• Given records
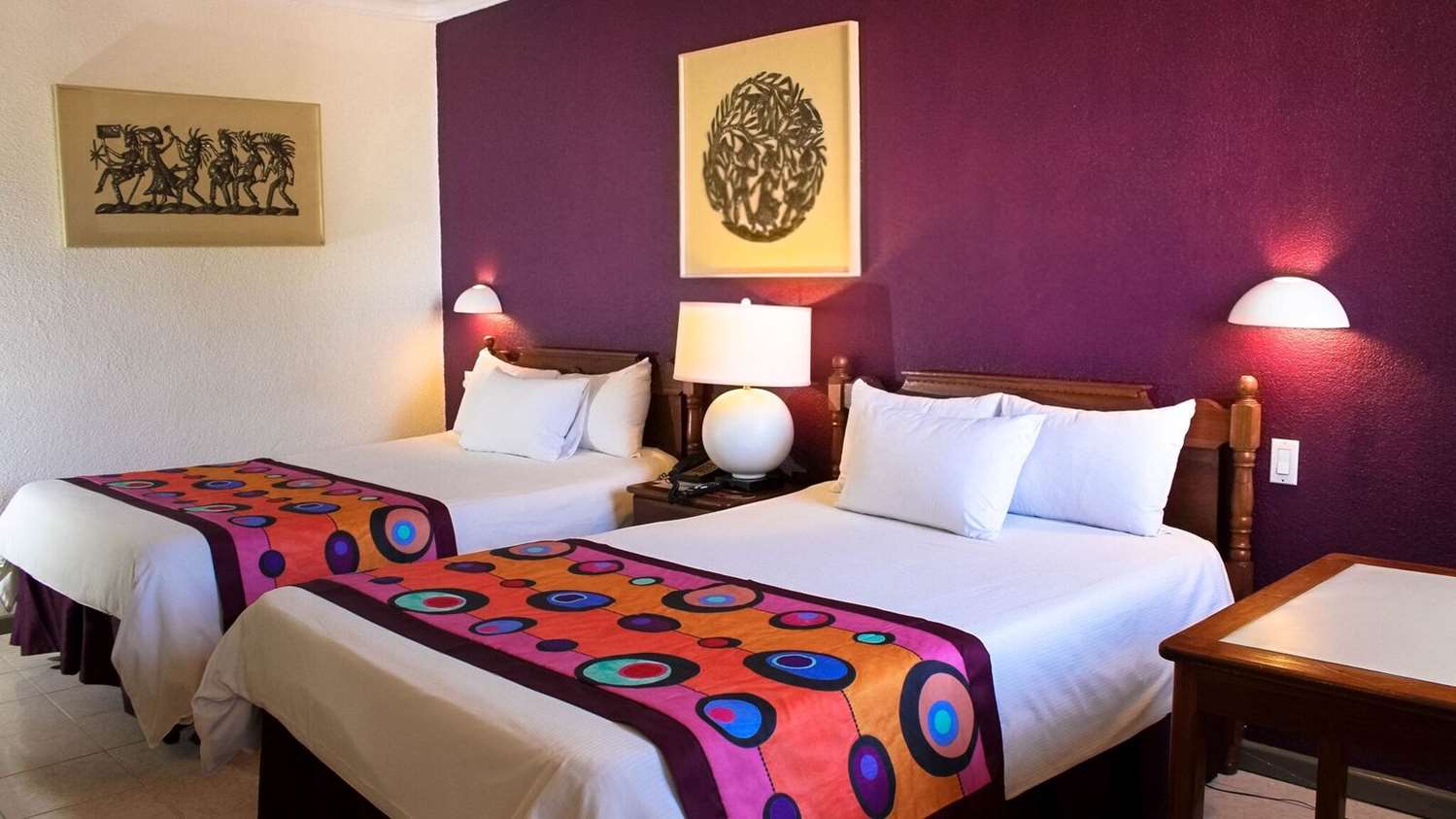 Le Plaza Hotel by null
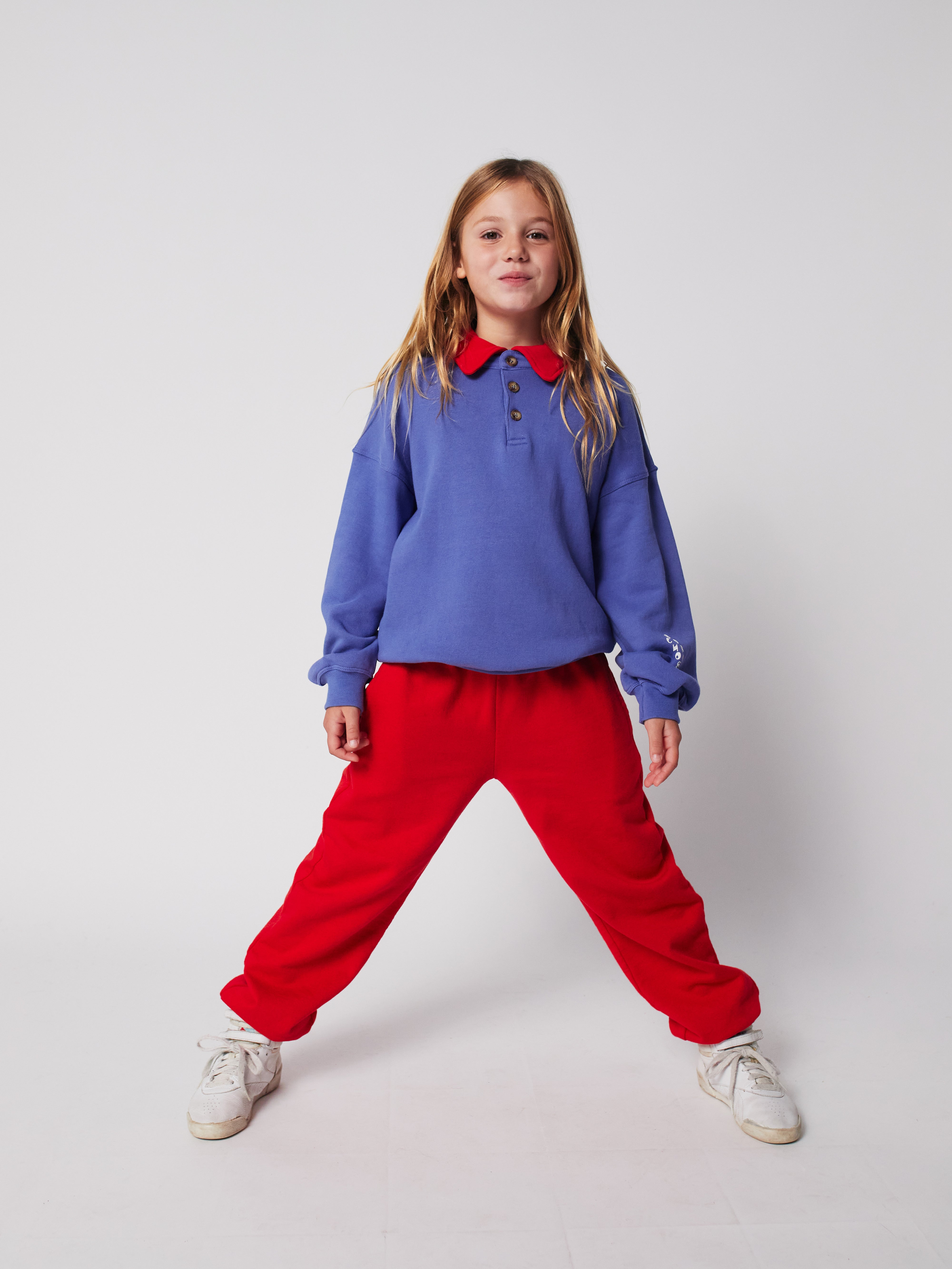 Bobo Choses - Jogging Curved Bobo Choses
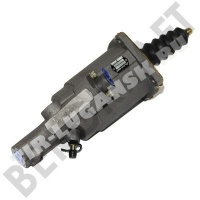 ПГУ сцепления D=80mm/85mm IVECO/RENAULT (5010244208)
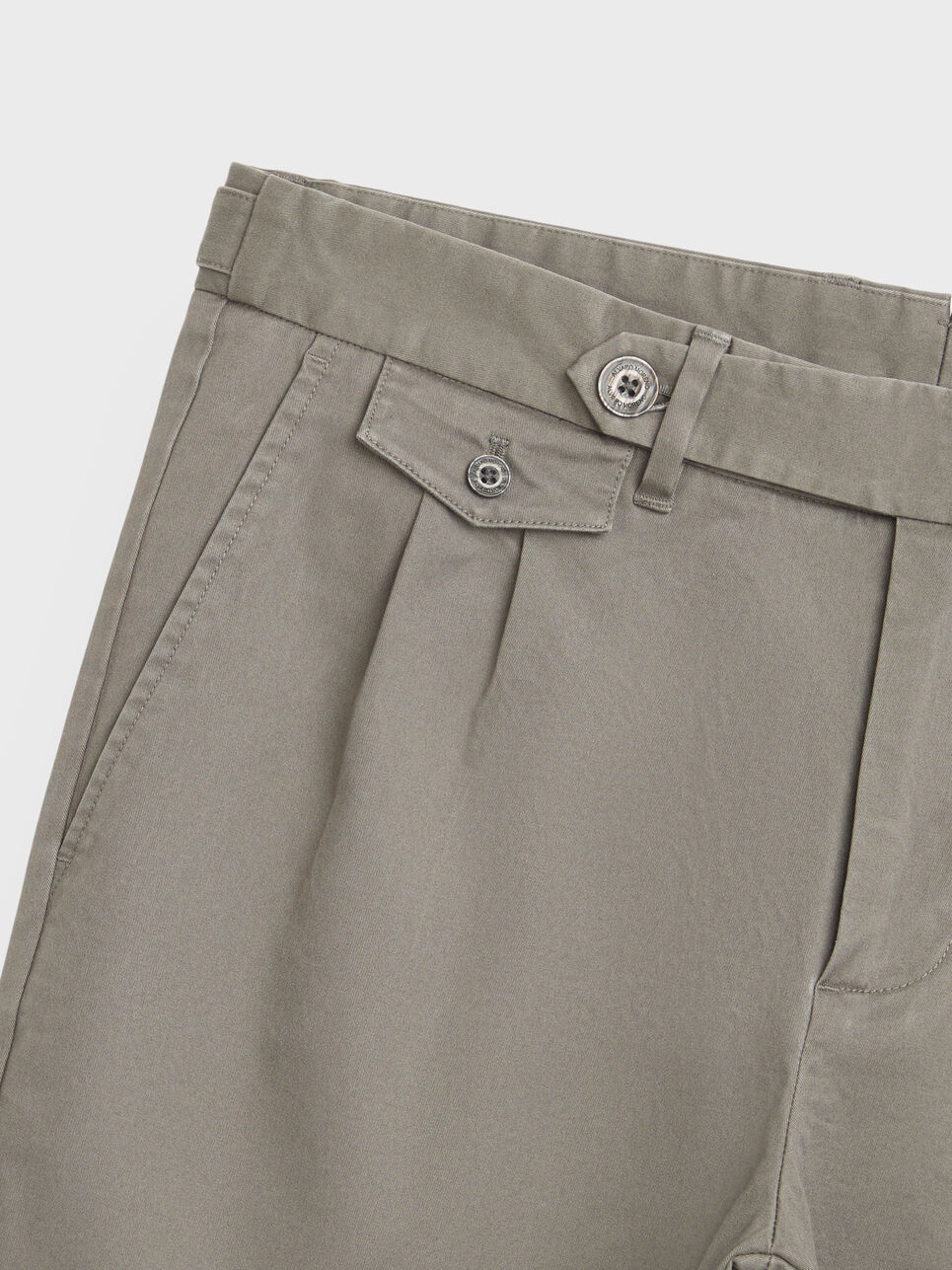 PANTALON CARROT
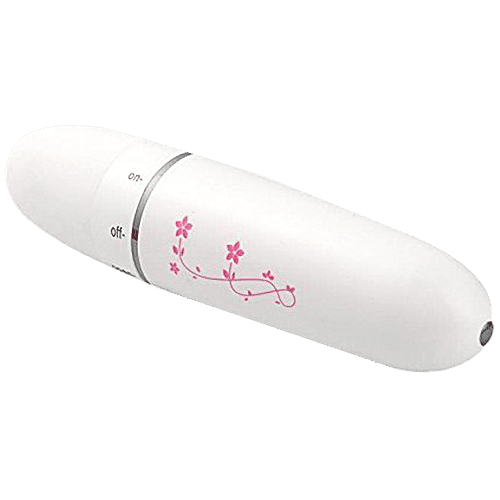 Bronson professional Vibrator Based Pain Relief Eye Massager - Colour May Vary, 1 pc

• Exercise objective
Could you reproduce exactly the lines running from the one with "Bobo Choses - Jogging Curved Bobo Choses" through the final line of the listing above, both included, and drop the pictures?

• Answer to this problem
 Bobo Choses - Jogging Curved Bobo Choses
 ПГУ сцепления D=80mm/85mm IVECO/RENAULT (5010244208)
 PANTALON CARROT
 Bronson professional Vibrator Based Pain Relief Eye Massager - Colour May Vary, 1 pc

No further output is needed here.